Prof Marc Shapiro writes (Tradition 31:3, Spring 1997):

Furthermore, it is possible that an author is not aware of all the wisdom contained in his work. This idea is well established in literary circles, which stress that the most reasonable interpretation is not necessarily identical with the position of the author. Although the notion that an author understands his words better than everyone else would appear to be self-evident, and most intellectual historians still operate in this fashion, modern literary and philosophical thought argue that even the author does not recognize all that is found in his work, both in terms of background and motivation as well as content.

Professor Shapiro is taking the same step from classical academics to Deconstructionism that I laid out earlier. Since we can not know the full intent of the author, and in fact the author himself may not realize every implication of the idea he is describing, we instead look for the interpretation that is more reasonable to us.
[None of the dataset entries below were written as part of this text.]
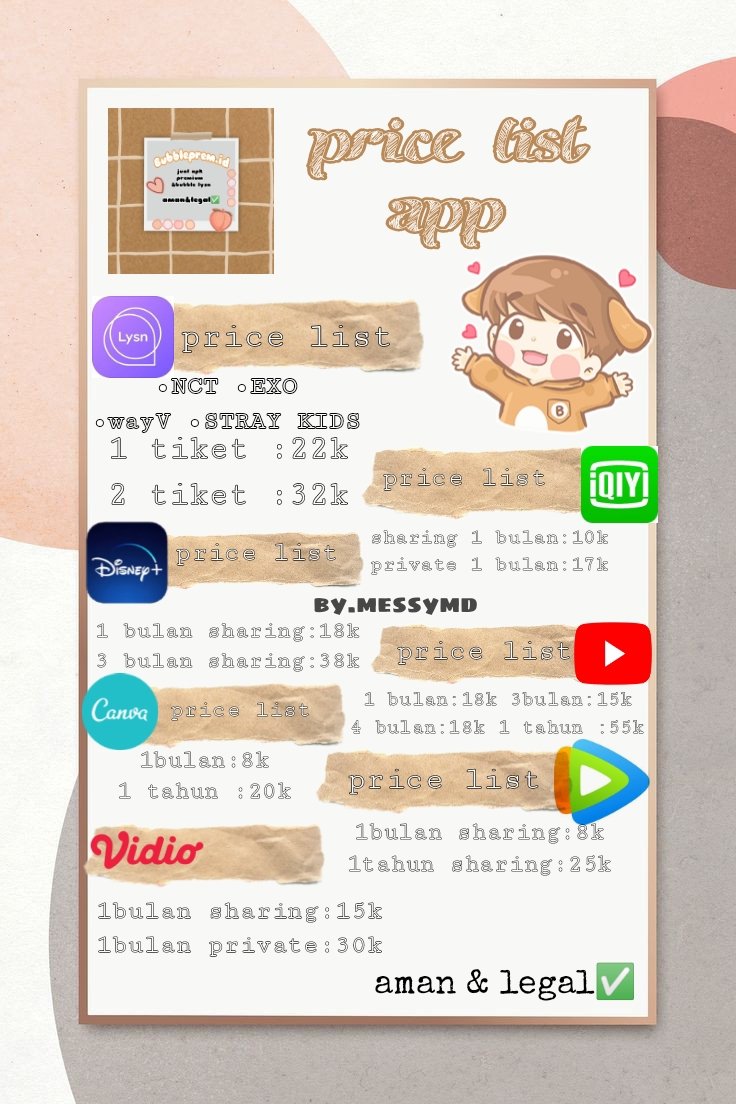 memesgemoi's tweet photo. Bismilah [help RT]🙏🏻
.
Jual app premium murah legal,aman&amp; terpercaya ✅TIKET #BUBBLELYSN EXO,NCT,STRAY KIDS,wayV 
App: Netflix,viu, spotify,iflix,WETV,dl🙏
Sharing &amp; private+ garansi ✅
Pakai akun sendiri✅
💰 payment:dana,OVO, shoppepay,BRI,gopay
📌Minat DM/PC WA 082320957481 https://t.co/4muTvOYEtI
And I fear that if we accept the premise, that we are to take an academic approach — classical or postmodern — to the text, we will inevitably end up with something more resembling Conservative Judaism.

Mesorah is a living tradition of a development of ideas. The Oral Torah is oral, a dialog across the generations. If we see a quote in the gemara from Rav Yochanan, we might be curious about the historical intent of Rav Yochanan. But in terms of Torah, important to us than what R’ Yochanan’s original intent is what R’ Ashi thought that intent was, which in turn can only be understood through the eyes of what the Rosh and the Rambam understood R’ Ashi’s meaning to be, which in turn can only be understood through the eyes of the Shaagas Aryeh and R’ Chaim Brisker.  That is the true meaning, in terms of Torah, of Rav Yoachanan’s statement.

Definitionally, talmud Torah is entering the stream. Not seeing a statement as a point to isolate in time and space, but as a being within current that runs through history from creation to redemption.

(This notion of process, that G-d “planted within us eternal life” [as the berakhah puts it], that the job of the Jewish People is to nurture that seedling until “truth arises from the ground”, is developed quite beautifully by the Qetzos haChoshen. Hopefully those quotes were enough to tempt you to read this earlier blog entry.)

III

Both the classical academic and the Deconstructionist share one thing in common — they see themselves as encountering the text. The idea is that the material is “other”, outside, to remain objectively studied. One looks for the context for which the text was written. The other looks for how the text can be understood with minimal assumptions about context.

Wissenschaft des Judentums, the “science” — i.e. academic study — “of Judaism”, isn’t inherently evil. It is quite possible, and in some circles quite common, to combine Orthodoxy and Wissenschaft. However, as implied at the end of the previous section, it is not to be confused with Talmud Torah as per the mitzvah.

The academic’s job is the objective study of the material. Trying to get to the truth by eliminating personal bias and hidden assumptions. Talmud Torah is about internalizing the lessons of the Torah. Rather than trying to be objective, the entire goal is subjectivity. If mesorah is a discussion down the generations, studying Torah is adding one’s voice to the conversation.

3 thoughts on “Postmodernism and Mesorah

  1. It’s likely that no one will take the time to study, analyze, and publish about Torah material who is not committed to it or committed against it ahead of time (whether he knows this or not).

    Even if an uncommitted approach could be arranged, a scholar’s commitment to Torah produces the better, more objective result, as least in part because the investigator then has a greater degree of Siyata D’Shmaya (G-d’s help).